Yongzhi is one of 18 disabled children at Anding Primary School in Jingdong Yi autonomous county, Yunnan province in Southwest China. He is popular and known for his frequent laughter, but secretly he is scared of being mocked by his able-bodied classmates.
However, since he has joined a photography class, he has gradually become more confident.
A special class
One day at the end of 2016, Yongzhi"s father was told that his son had been selected to join a photography class. He was astonished, as Yongzhi had never even seen a smartphone, still less a camera.
Photography can be difficult for children with physical or mental disabilities. More often than not, they need special instruction and extra tutoring after school.

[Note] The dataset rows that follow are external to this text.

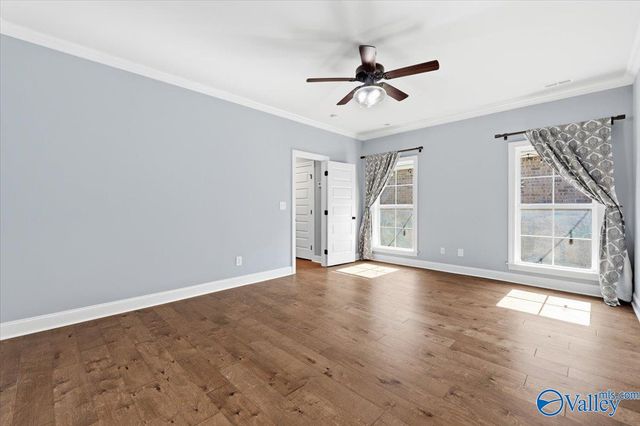 28785 Cobble Creek Road, Madison, AL 35756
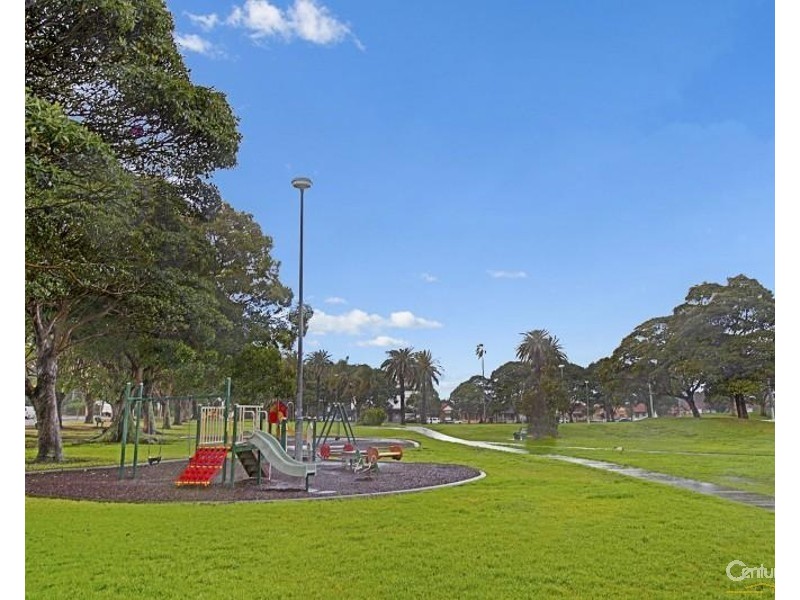 13/23-25 Myra Road, Dulwich Hill NSW 2203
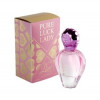 LY Pure luck lady love - EDP 100ml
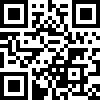 https://es.abna24.com/xbtd9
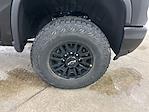 New 2026 Chevrolet Silverado 2500 ZR2 Crew Cab for sale #137414 - photo 10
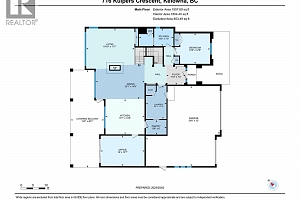 716 Kuipers Crescent - Photo 61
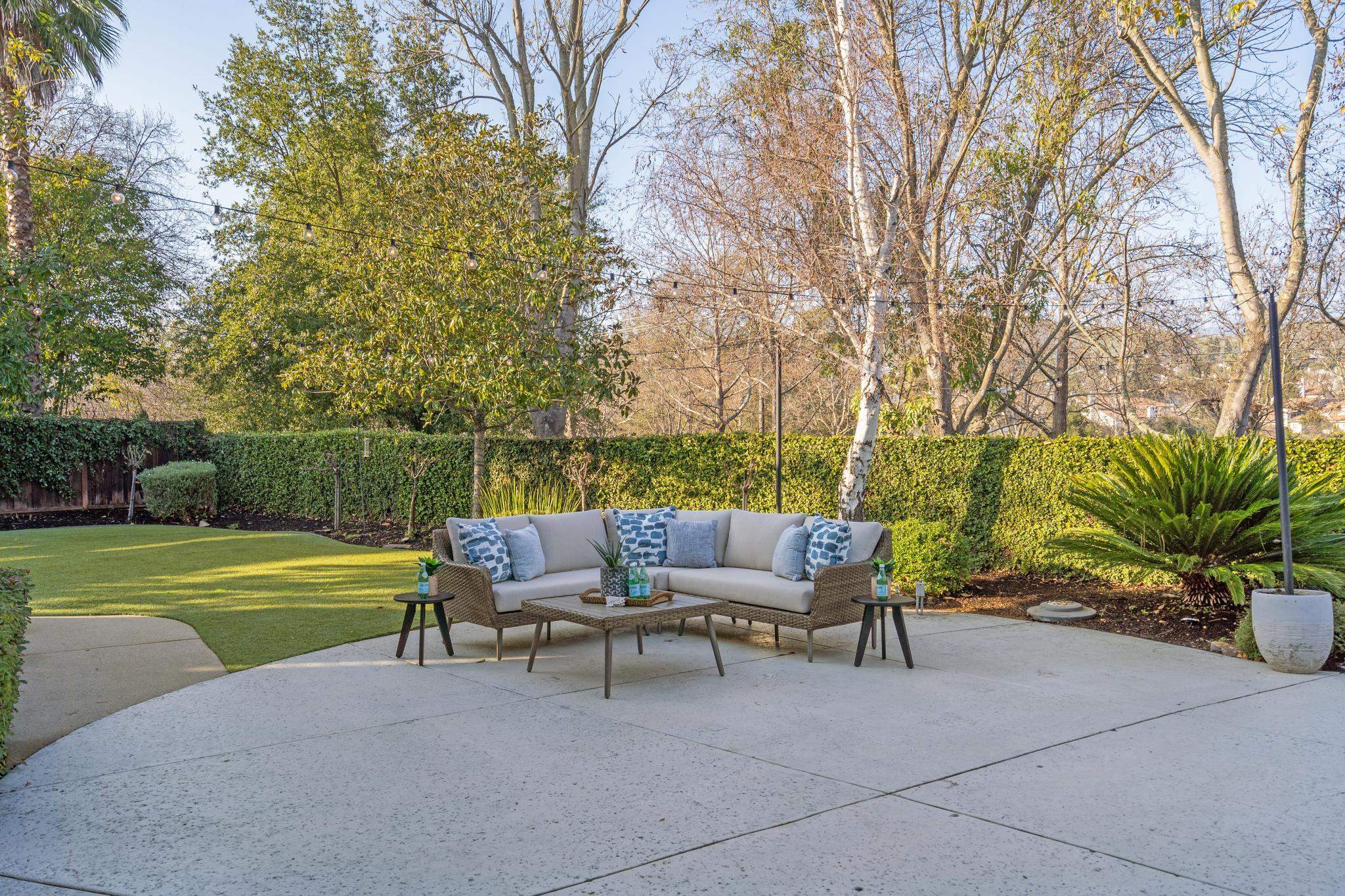 Detail Gallery Image 52 of 52 For 334 Squirrel Ridge Way, Danville,  CA 94506 - 5 Beds | 3 Baths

Liu Yuyang, a freelance photographer who was awarded the Magnum Foundation Human Rights Fellowship in 2014, does not view disability as something that needs fixing. He said all children are born equal, and they are entitled to look for the beauty in life, irrespective of whether they are disadvantaged or not.
Accordingly, he contacted Save the Children, a global NGO that focuses on child development and protection which has successfully piloted inclusive education programs in China for years, and offered to use his expertise to help disabled children.
After two months of preparation, Liu started his class, which included three disabled and three able-bodied children, a perfect model of inclusive education, where the youngsters can learn from each other.
Between January and September last year, the 25-year-old photographer offered the students several sessions, running from two to five days, teaching them about techniques such as photo composition and exposure.
Sometimes the group traveled to the countryside to practice taking photos. Liu also left cameras for his students to use after class to allow them to express their artistic talents freely.
"In addition to normal classes, I organized photo exhibitions and peer reviews to encourage their artistic exchanges," he said.
As an experiment in inclusive education, the class was provided in the spirit of non-exclusion, nondiscrimination and acceptance of all.
"The inclusive photography class was not designed solely for disabled children, but shared with able-bodied kids. In the process, they learned how to participate and share. Sometimes the work could be done only by cooperating－usually one student came up with ideas and the other did the shooting," Liu said.
Yongzhi surprised his teacher with his photographs of elderly women tending sheep, schoolgirls playing basketball and men walking donkeys. His work displayed a balance and harmony between motion and stillness.
Another student, 7-year-old Lu Youlin, took photos of his older brother on a path near their home. Before shooting, he put a flower between his brother"s lips "to make the scene more artistic－a tip from my teacher".